The protests, fueled by the resistance and opposition after years of governance by President Marcos and his cronies, ended with the ruler, his family, and some of their supporters fleeing to exile in Hawaii; and Ninoy Aquino's widow, Corazon Aquino, inaugurated as the eleventh President of the Philippines.[11]
Senate President Ferdinand Marcos was elected president in 1965, defeating incumbent President Diosdado Macapagal by a margin of 52 to 43 percent. During this time, Marcos was very active in the initiation of public works projects and the intensification of tax collections. Marcos and his government claimed that they "built more roads than all his predecessors combined and more schools than any previous administration".[12] Amidst charges from the opposition party of vote-buying and a fraudulent election, President Marcos was reelected in the 1969 Philippine presidential election, this time defeating Sergio Osmea Jr. by 61 to 39 percent.

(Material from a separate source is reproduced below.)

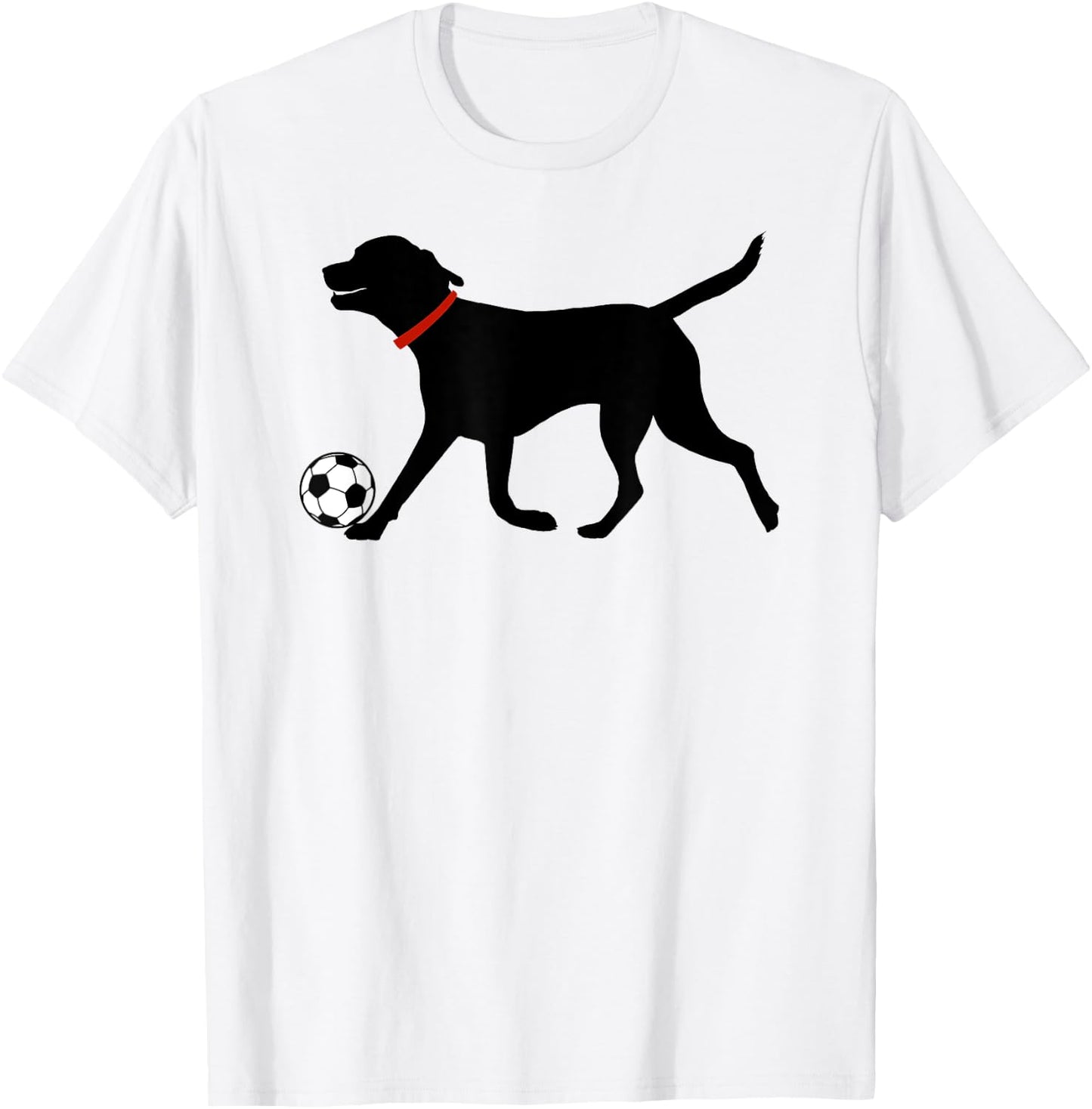 Labrador Retriever Shirt Play Soccer Black Lab Soccer Ball T-Shirt - T-Shirt | White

Barred from running for a third term as president in 1973, Marcos announced Proclamation No. 1081 on September 23, 1972, declaring martial law,[15] using the civil unrest that arose after the 1969 Philippine balance of payments crisis as a justification for the proclamation.[16]
Through this decree and through a controversial referendum in which citizen assemblies voted through a show of hands, Marcos seized emergency powers giving him full control of the Philippines' military and the authority to suppress and abolish the freedom of speech, the freedom of the press, and many other civil liberties.
A constitutional convention, which had been called for in 1970 to replace the Commonwealth-era 1935 Constitution, continued the work of framing a new constitution after the declaration of martial law. The new constitution went into effect in early 1973, changing the form of government from presidential to parliamentary and allowing President Marcos to stay in power beyond 1973. The constitution was approved by 95% of the voters in the Philippine constitutional plebiscite. The constitution was part of the landmark Javellana v. Executive Secretary case (G.R. No. 36142) that led to the resignation of Chief Justice Roberto Concepcion. Part of the plot of the regime involved legitimizing the military rule through the new constitution providing legislative and executive powers to the president. Simultaneously Marcos conducted the 1973 plebiscite through the simple counting of hands raised by children and adults that involved questions such as the option for more rice in lieu of constitutional affirmation.[18]
With practically all of his political opponents arrested, out of office, and in exile, President Marcos's pre-emptive declaration of martial law in 1972 and the ratification of his new constitution by more than 95% of voters enabled Marcos to effectively legitimize his government and hold on to power for another 14 years beyond his first two terms as president. In a Cold War context, Marcos retained the support of the United States through Marcos's promise to stamp out communism in the Philippines and by assuring the United States of its continued use of military and naval bases in the Philippines.[16]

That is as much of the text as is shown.